The website for snpR may be found [here](https://anilchalisey.github.io/snpR/).
# Installation
## Command line tools
The workflow used by snpR requires the installation of PLINK. PLINK binaries exist for both windows and linux-based systems. If PLINK is not found in the executable path, then the necessary binary will be automatically downloaded and used.

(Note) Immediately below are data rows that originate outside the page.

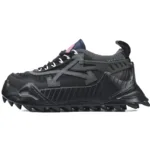 OFF-WHITE Out Of Black OMIA139S 2080004 531010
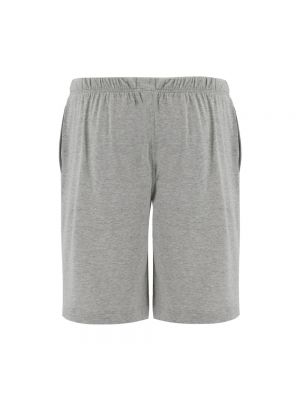 Pantalones cortos de algodón Ralph Lauren
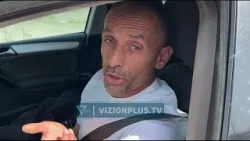 Shoferët ankohen për urën e Milotit: Traseja është e dëmtuar, me gropa e gunga. Nuk është e sigurt Shoferët ankohen për urën e Milotit: Traseja është e dëmtuar, me gropa e gunga. Nuk është e sigurt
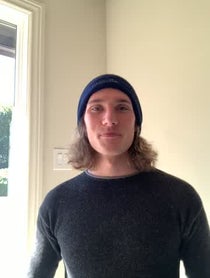 Poster for Other video from Samuel D Jenkins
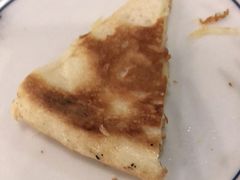 -萨莉亚意式餐厅(灵芝站中洲店)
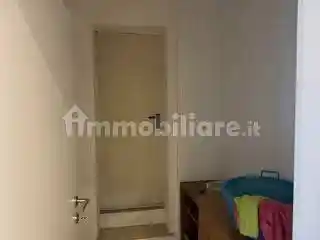Appartamento in affitto a Piacenza
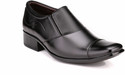55% OFF on Mactree Formal Slip On Shoes 55% OFF on Mactree Formal Slip On Shoes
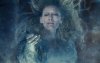 The Chronicles of Narnia: Prince Caspian picture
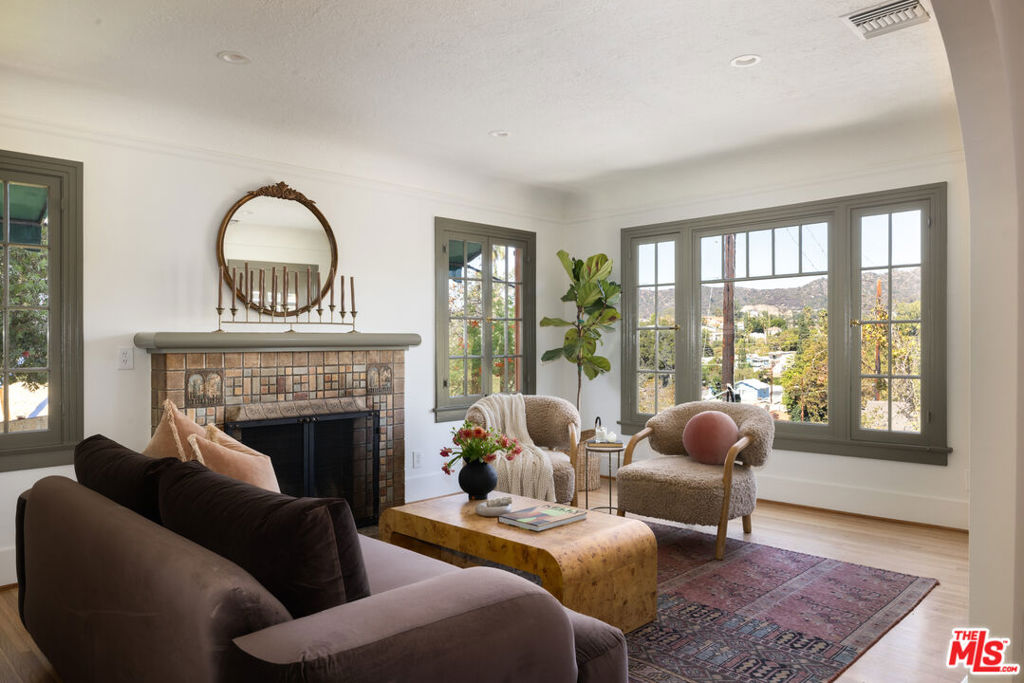 1026 Oak Grove Drive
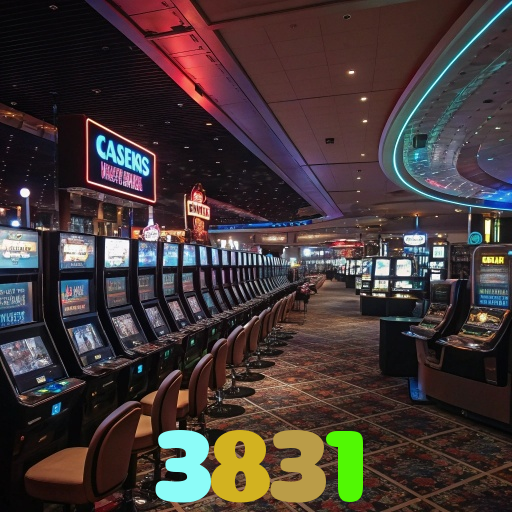  3831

### R package dependencies
There are a number of dependencies to the snpR package detailed in the `DESCRIPTION` file. These will be installed automatically.
### Install snpR
The package is easily installed as follows:
```{r, eval = FALSE}
devtools::install_github("anilchalisey/snpR", build_vignettes = TRUE)
```
## Required data
In order to perform analysis, the package requires PLINK binary genotype formatted 1000 Genomes Project data which is available from the [Broad Institute at this link](http://www.broadinstitute.org/mpg/depict/depict_download/1kg/1000_genomes_project_phase3_CEU.tar.gz). This may be done within R using the following commands (WARNING - this file is very large):
```{r, eval = FALSE}
download.file("http://www.broadinstitute.org/mpg/depict/depict_download/1kg/1000_genomes_project_phase3_CEU.tar.gz", "plink_data.tar.gz", mode = "wb")
untar("plink_data.tar.gz", exdir = "plink_data")
```
Also required is precomputed LD r2 boundaries for each 1000 genomes project phase 3 SNP. I have provided this in a Rdata format with SNPs binned by MAF. The file is too large to be included with this package but may be downloaded from [here](https://www.dropbox.com/s/s9roomzkq98zvhb/collection.rda?dl=0).
## Usage
The commands below demonstrate the usage of this package. In this example, we are interested in GWAS hits identified from studies on Alzheimer's disease.
```{r, eval = FALSE}
# Generate a list of SNPS
gwas <- get_GWAS(catalog = "download", filter.criteria = "alzheimer")
# Prune the list of SNPs (N.B. If plink is installed, then specify the path
# to the plink executable. Otherwise, it will be automatically downloaded and
# installed. It is assumed, in this example, that the genotype data was downloaded
# as suggested above
pruned_snps <- prune_SNPs(plink = NULL, snps = gwas,
genotypeData = "plink_data")
# The downloaded PLINK binary is located at "plink/plink.exe" (on a Windows machine)
# If using Linux or MAC OS then set this appropriately
plink <- "plink/plink.exe"
# Identify all SNPs in LD (r2 > 0.8) to the independent SNPs
ld_snps <- ld_SNPs(plink = plink, genotypeData = "plink_data",
independent_snps = pruned_snps, r2 = 0.8)
# Create a BED file of the independent SNP loci
loci_snps <- ld_SNPs2BED(ld_snps, "alzheimer_snp_loci.bed")
# Create a set of matching SNP loci - in this example, we only use 100 permutations.
# In practice, at least 1000 should be used
matching_loci <- matching_SNPs(snpdatabase = "collection.rda",
nperm = 100, ld.snps = ld_snps)
# Finally we run the enrichment analysis. For this we use a BED file containing
# regions generated from a ChIP-seq analysis.
bed <- system.file("extdata", "sample_peaks.narrowPeak", package = "snpR")
snp_enrichment <- run_enrichment(reg = bed, ld.snps = ld_snps, matched.list = matching_loci)
```
Alternatively, the entire pathway may be run using a single call to the function `snp_enrichment()`.
```{r, eval = FALSE}
result <- snp_enrichment(catalog = "gwas_hg38.txt.gz", filter = "alzheimer",
plink = "plink/plink.exe", nperm = 100, genotypeData = "plink_data",
r2 = 0.8, outdir = "results",
snpdatabase = "collection.rda",
reg = system.file("extdata", "sample_peaks.narrowPeak", package = "snpR"))
```
## About snpR
The snpR package has been developed in the Chris O'Callaghan Group at the Centre for Cellular and Molecular Biology, University of Oxford by Anil Chalisey and Chris O'Callaghan.